Per-stage comparison:

StageSchema discoveryInvariant mining
ProbeLandmark check (engine + class symbols importable)Landmark check (engine + class symbols importable)
ProducerInspect typed APIs: inspect.signature, Pydantic model_json_schema(), dataclasses.fields(), msgspec.json.schema()AST walk of validator methods + dynamic Cartesian probing + type-system lifting
ValidateDeterministic by construction; no validate stageReplay each rule against the live library inside the engine container; classify outcomes
Output (per-engine)engines/<engine>/schema.discovered.jsonengines/<engine>/invariants.proposed.yaml + engines/<engine>/invariants.validated.yaml
Format spec (reference)Schema discovered formatInvariants corpus format
Per-engine digest (auto-generated)reference/engines/schema-<engine>.md, reference/engines/curation-<engine>.mdreference/engines/invariants-<engine>.md

Both pipelines run inside the engine's Docker image. The host has no engine libraries (import transformers, import vllm, import tensorrt_llm all fail by design), so every engine's introspection must run in the matching container.

Schema discovery in depth

Schema discovery introspects the engine's native Python API surface to produce a typed inventory of all configurable parameters. The introspector imports the live library, walks its config classes, and emits a deterministic JSON envelope.

What the producer does

The introspector is engine-specific: each engine has a module under scripts/engine_introspectors/ that knows how to walk its own config surface. The shared envelope and helpers live in scripts/engine_introspectors/_common.py.

Determinism

Schema discovery is deterministic by construction. The introspector reads the library's own type annotations and Pydantic schemas; the same library version always yields the same JSON. The LLENERGY_DISCOVERY_FROZEN_AT environment variable additionally pins the discovered_at timestamp to a stable anchor (typically the author date of the most recent commit touching any input path) so CI re-runs do not produce a fresh wallclock timestamp on every invocation.

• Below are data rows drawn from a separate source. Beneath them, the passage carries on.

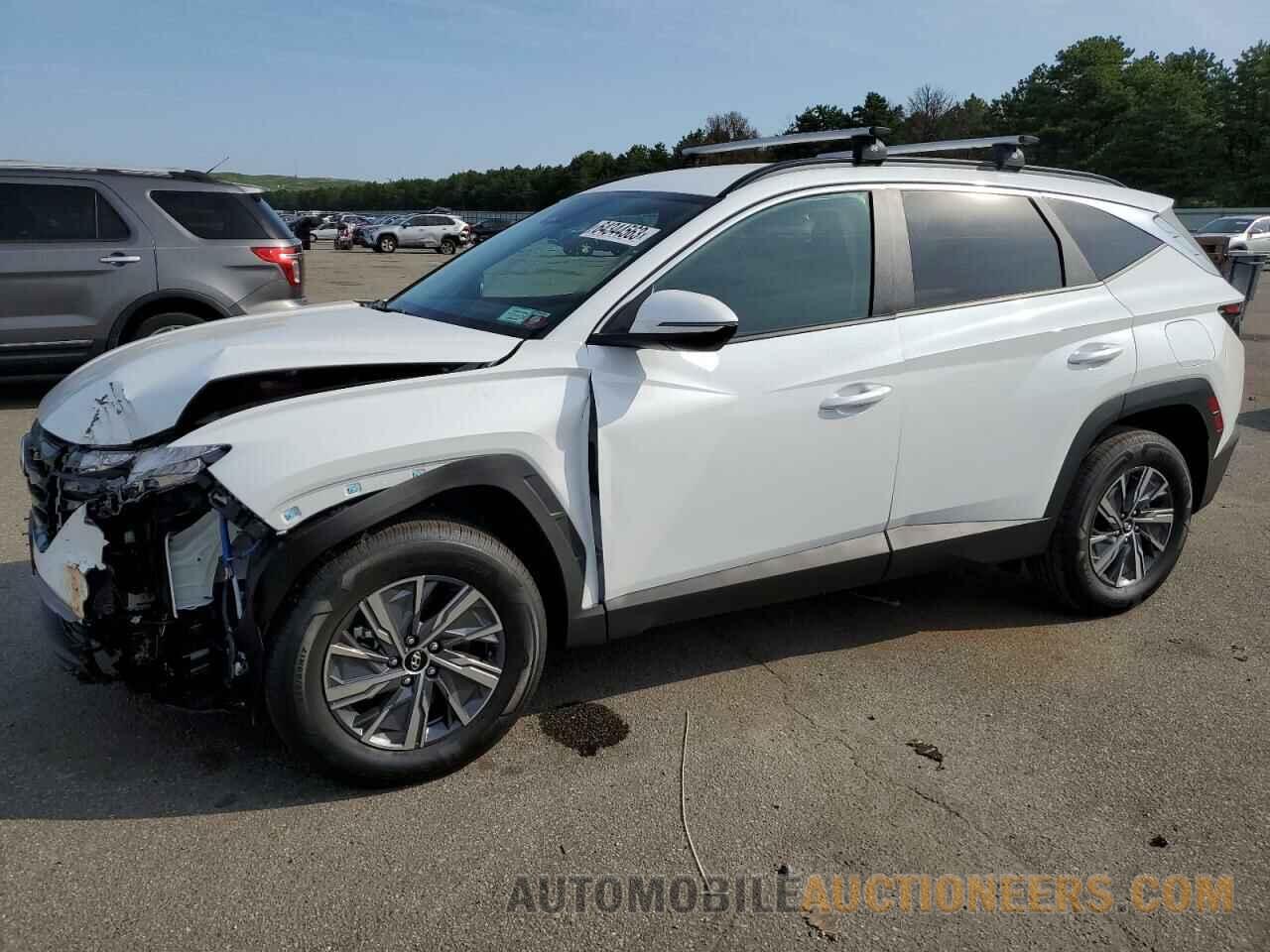 KM8JBCA18PU119288 HYUNDAI TUCSON 2023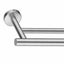 755mm Towel Rail Rack Holder Brushed Nickel Carousel 7
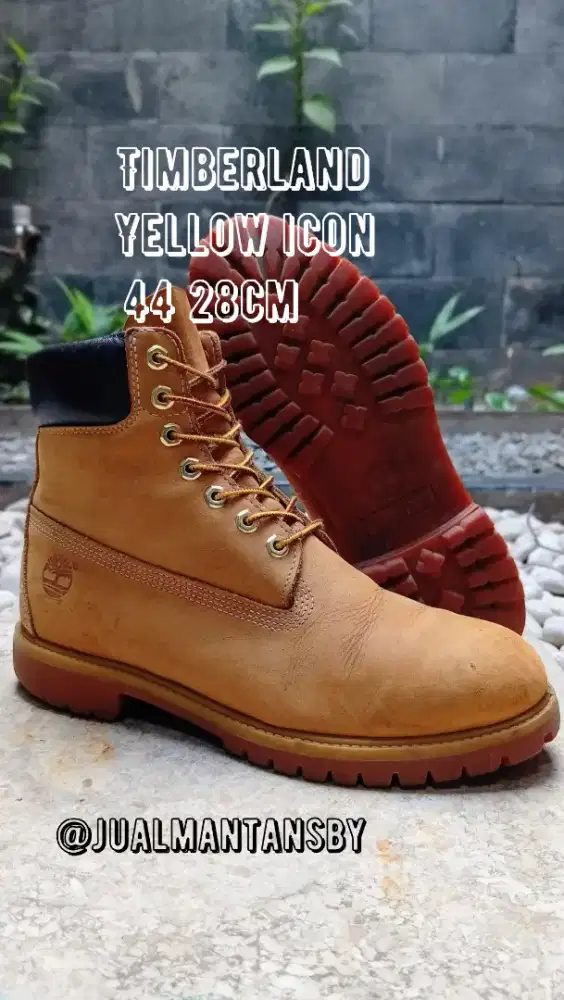 TIMBERLAND Yellow Icon Made in China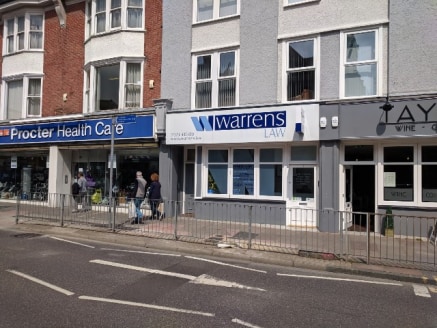 The premises comprise of a self-contained shop with a useful dry basement storage area. The unit has been used as a solicitors office and is configured to offer a reception area, two meetings with rear WC, kitchenette and storage area.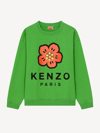 Kenzo Felpa Boke Flower In Green
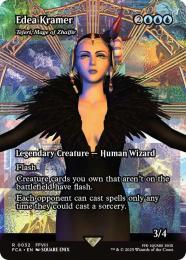 【FCA】【ENG】《ザルファーの魔道士、テフェリー/Teferi, Mage of Zhalfir》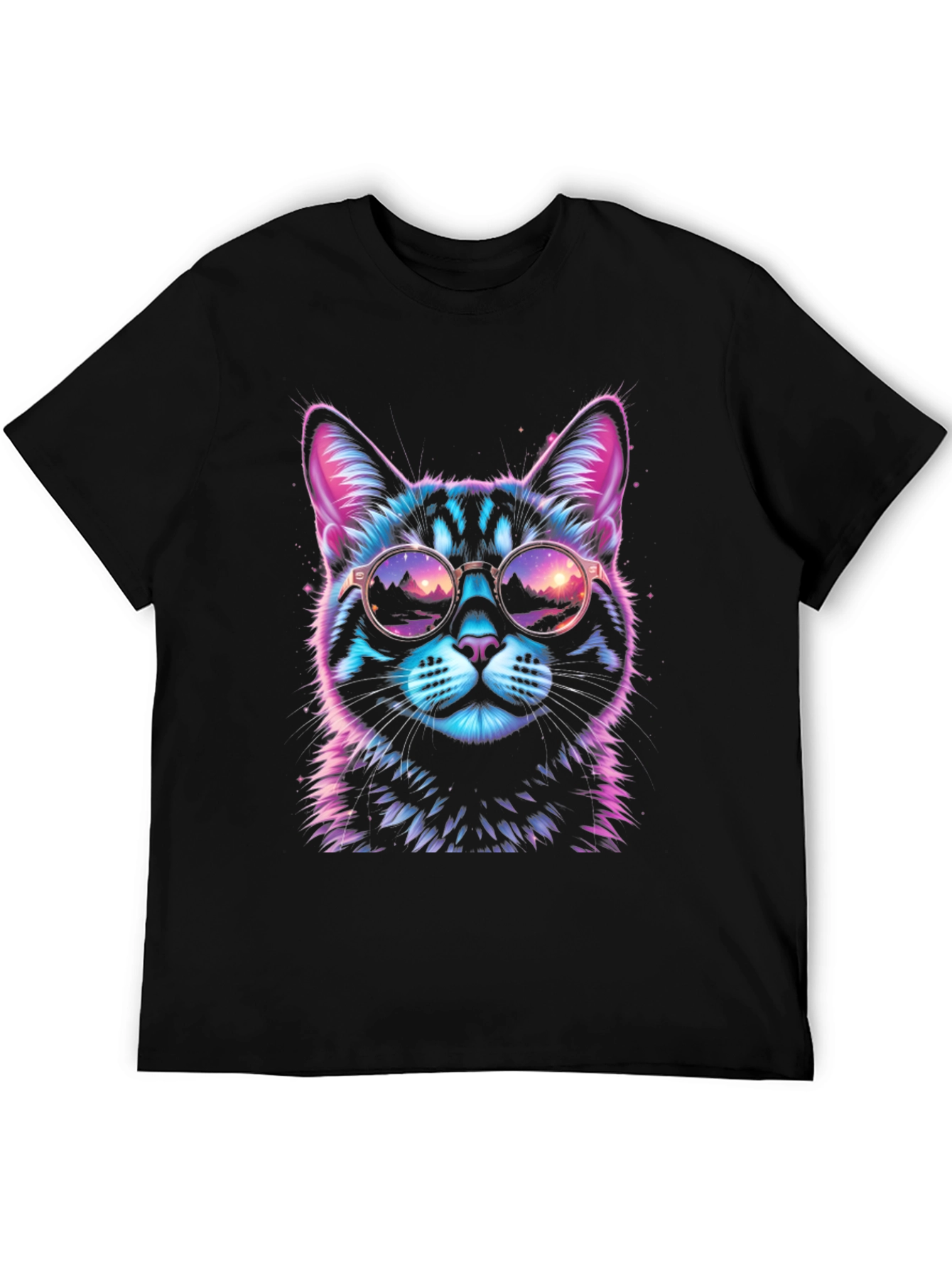 Cool Cat Graphic Tee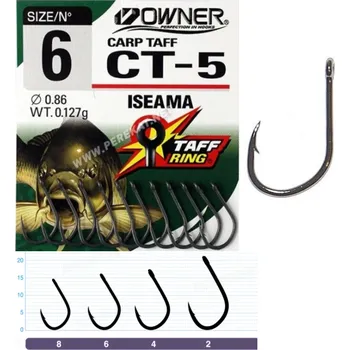 Rybářský háček OWNER - Háčky CT - 5 vel : 4
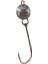 Avlivari Hareketli Krom Beyaz Kancalı Jighead 3.5 Gram 1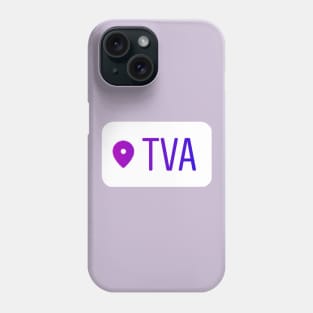 Loki TVA Location Tag Phone Case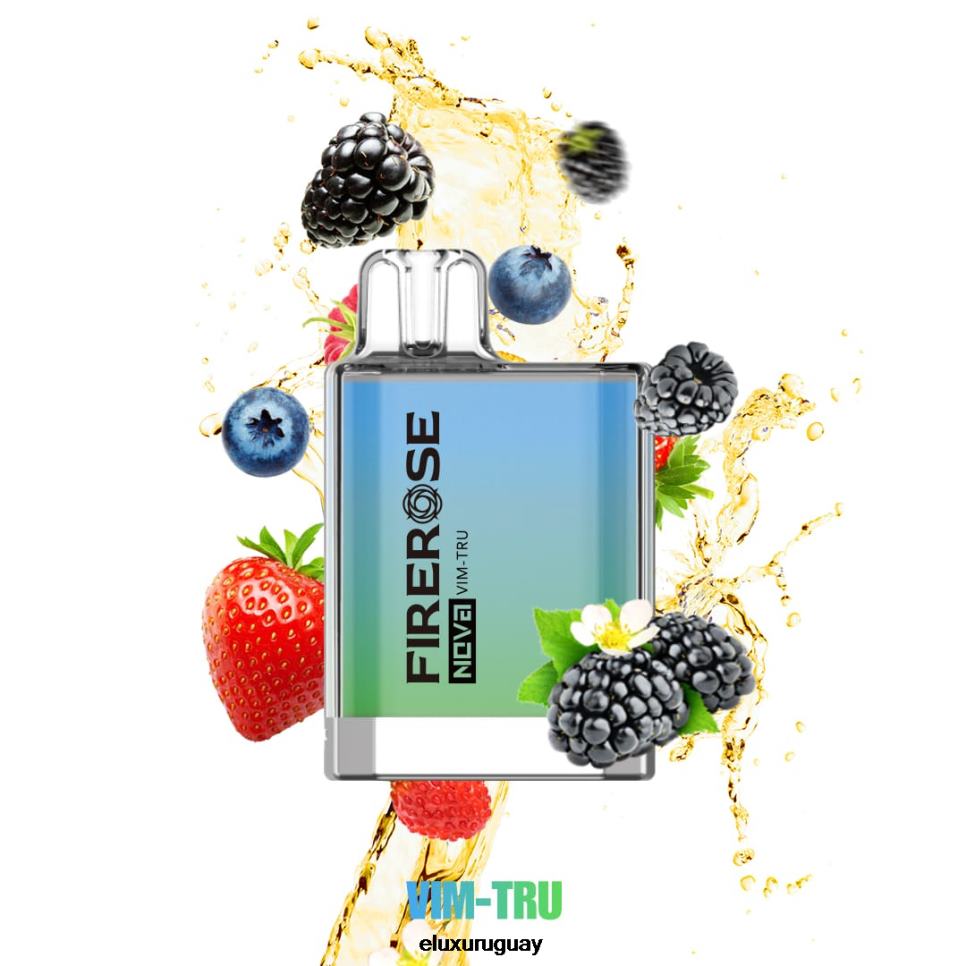 Elux Firerose Nova Vape disponible de 600 inhalaciones vim tru RR86T19 - Elux Uruguay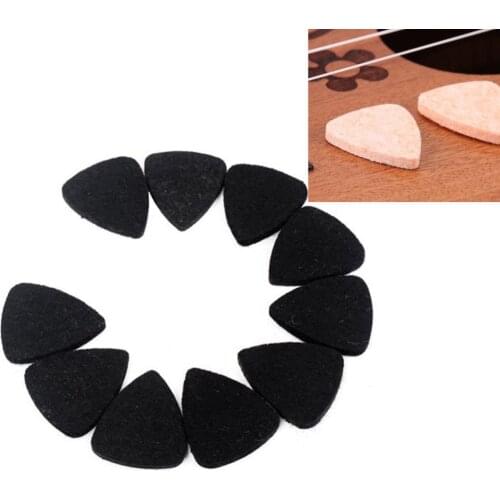 Hot sale Ukulele Soft Felt Picks Guitar Plectrum Personalized Ukelele Ukulele Accessories for Concert Soprano Tenor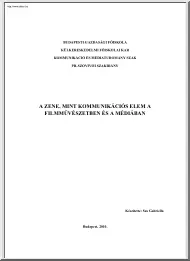 Sas Gabriella - A zene mint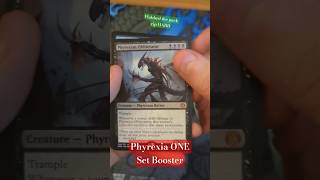 Phyrexia All Will Be One Set Booster tcg mtg packopening [upl. by Maller493]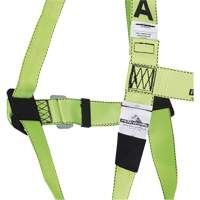 FBH-10022A Compliance Series Safety Harness, CSA Certified, Class A, 400 lbs. Cap. Advanced Consulting and Training Ltd.
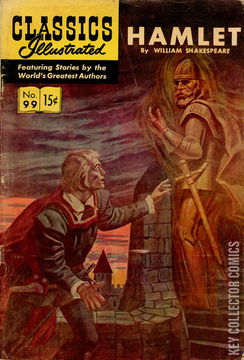 Variant Cover for Classics Illustrated #99 [HRN 158]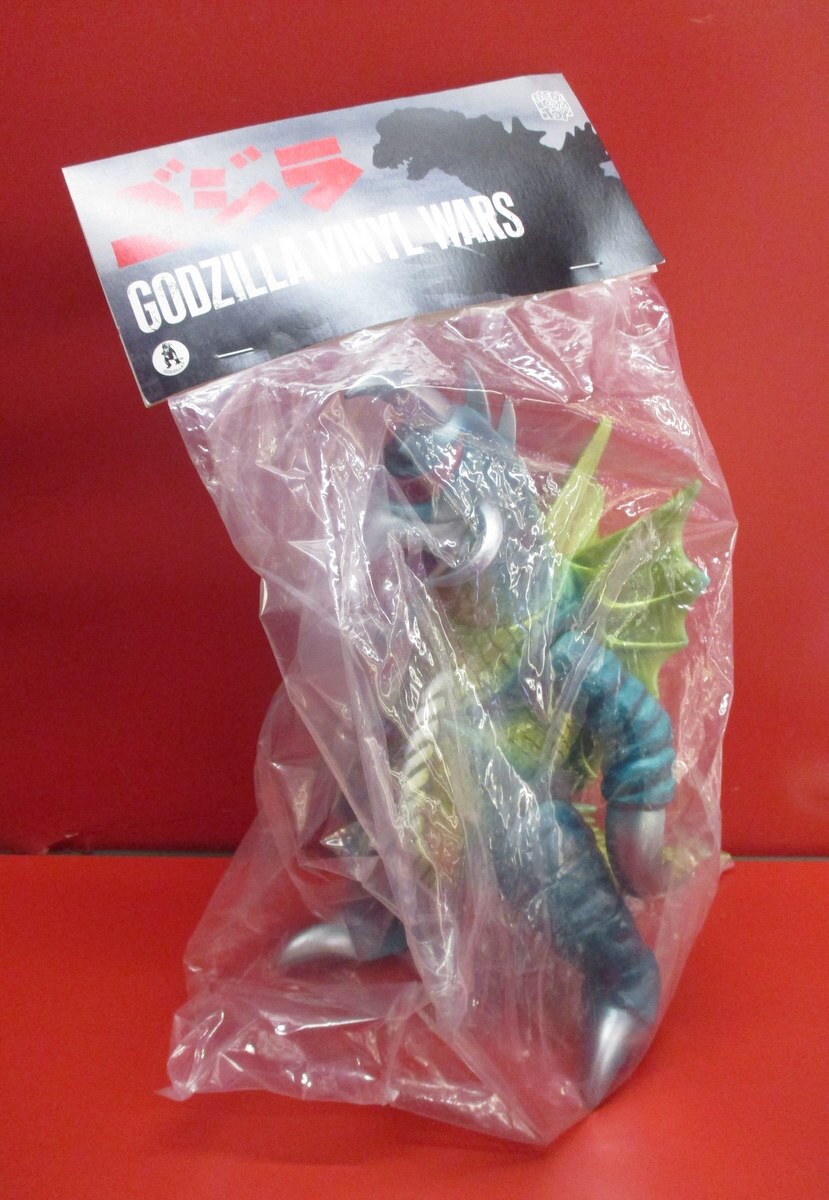 メディコムトイ GODZILLA VINYL WARS ソフビライフ ソフビライフ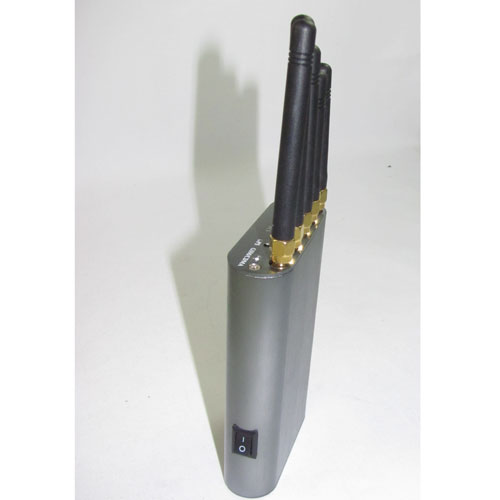 Cell jammer wifi blocker - Handheld Multifunctional GPS Bluetooth 3G Mobile Phone Signal Jammer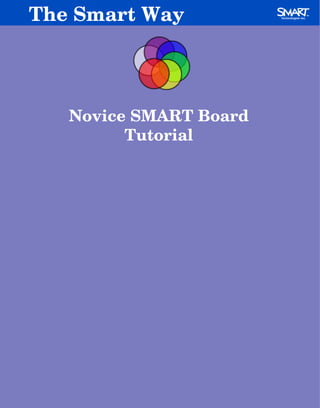 Novice SMART Board Tutorial The Smart Way 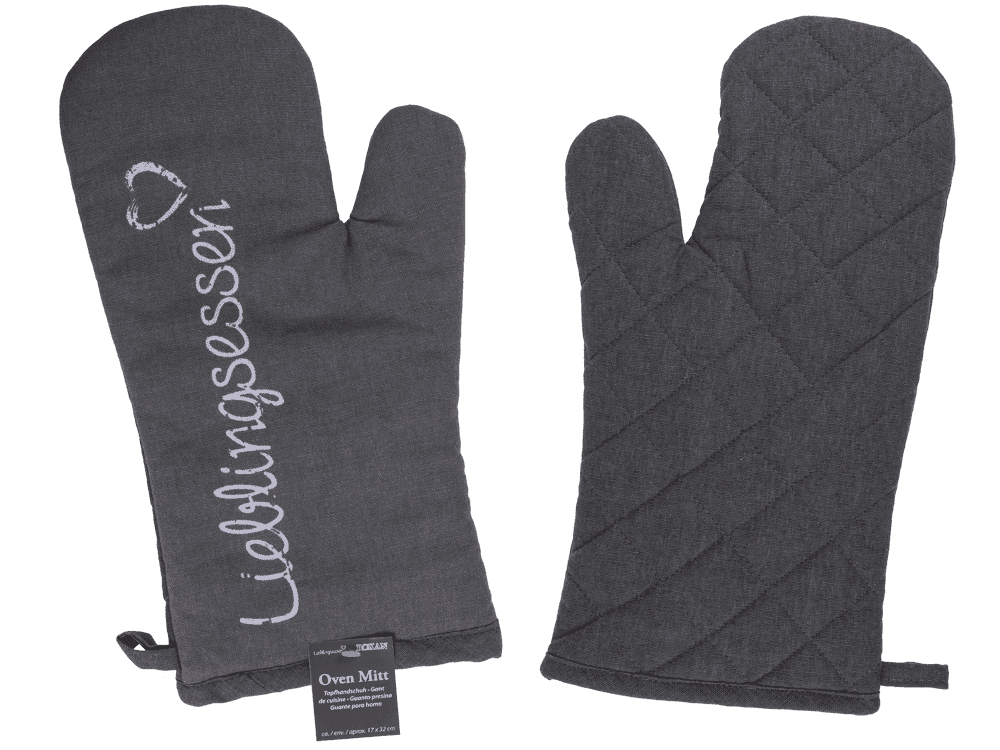 Oven Mitt, Lieblingsessen,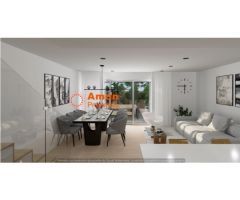 UNIFAMILIAR EN DOS NIVELES REFORMADA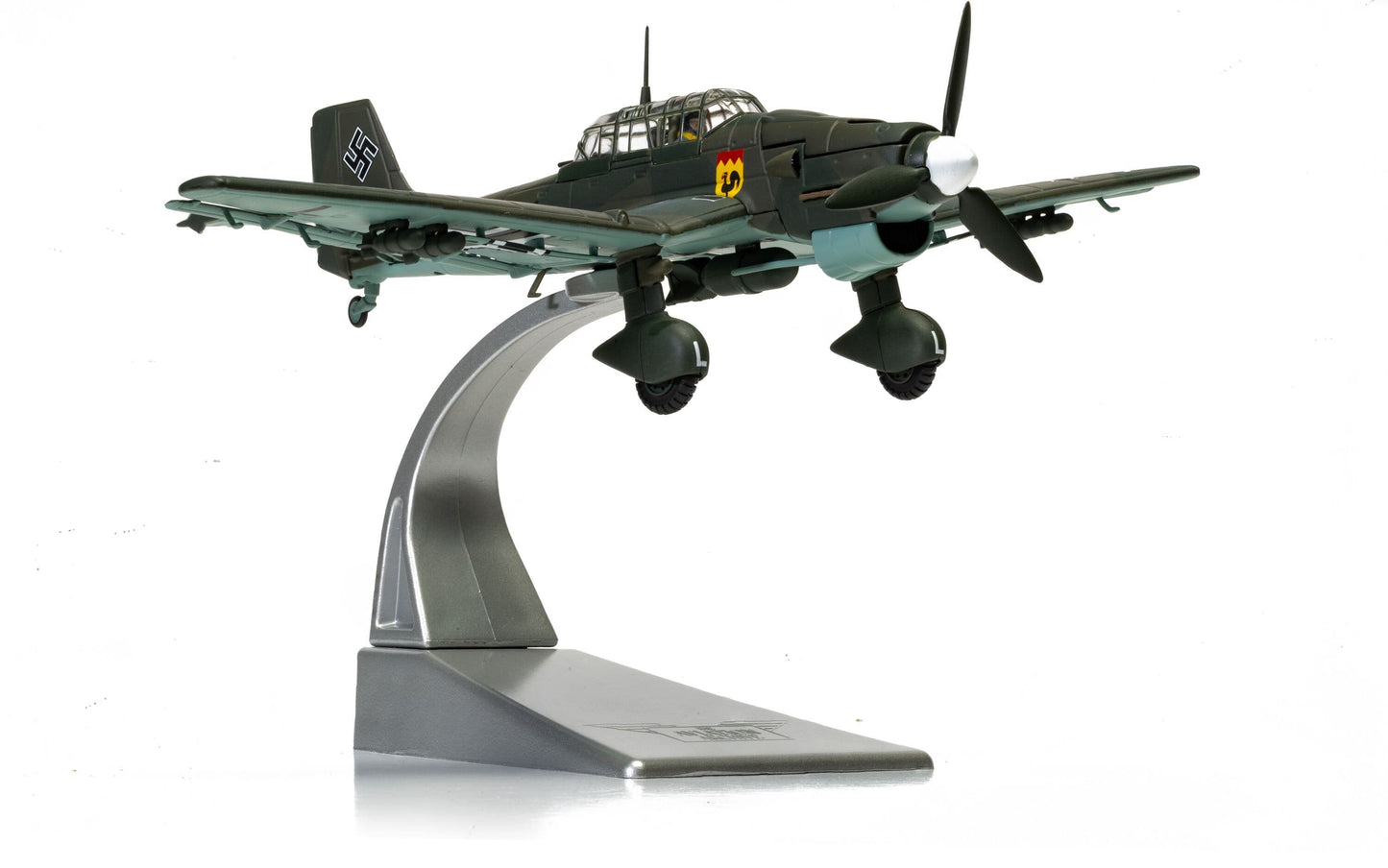 Junkers Ju87B-1 Stuka Uffz Pittroff and Uffz Schubert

What the artefact contains

Top-level envelope, two parameter sections (engine_params, sampling_params), and a discovery_limitations list documenting fields that introspection could not recover. The full reference is schema discovered format.

What consumes it

  • scripts/check_pydantic_matches_discovered.py - the drift checker; flags Pydantic fields in engine_configs.py with no corresponding discovered entry.
  • scripts/generate_curation_doc.py, scripts/generate_schema_doc.py - the doc generators; build the docs/reference/engines/{schema,curation}-{engine}.md digests from the loaded schema.
  • The runtime parameter-discovery layer reads the schema at config-validation time. See parameter discovery.

Change classification

When discovery re-runs against a bumped library version, the diff is classified by scripts/diff_discovered_schemas.py:

Change typeClassificationExample
Field addedsafeNew enable_chunked_prefill parameter
Description updatedsafeDocstring clarification
Default changedsafegpu_memory_utilization: 0.9 -> 0.95
Type widenedsafeint -> int | None
Field removedbreakingDeprecated parameter dropped
Type narrowedbreakingint | None -> int
Enum value removedbreakingQuantisation mode dropped

Metadata fields (discovered_at, engine_commit_sha, image_ref, base_image_ref) are excluded from classification because they change on every run.

Invariant mining in depth

Invariant mining extracts validation rules from engine library source code by combining static AST analysis, dynamic combinatorial probing, and type-system lifting. The output is a corpus of invariants - one constraint per rule - that the runtime uses to reject invalid configs before engine initialisation.

Component overview

Three producers, then merge, then replay against the live library:

  • The static miner walks the AST of validator methods.
  • The dynamic miner instantiates config classes with combinatorial probe values and observes raise / no-raise patterns.
  • The lift modules extract constraints directly from type-system metadata (Pydantic FieldInfo, msgspec Meta, stdlib Literal).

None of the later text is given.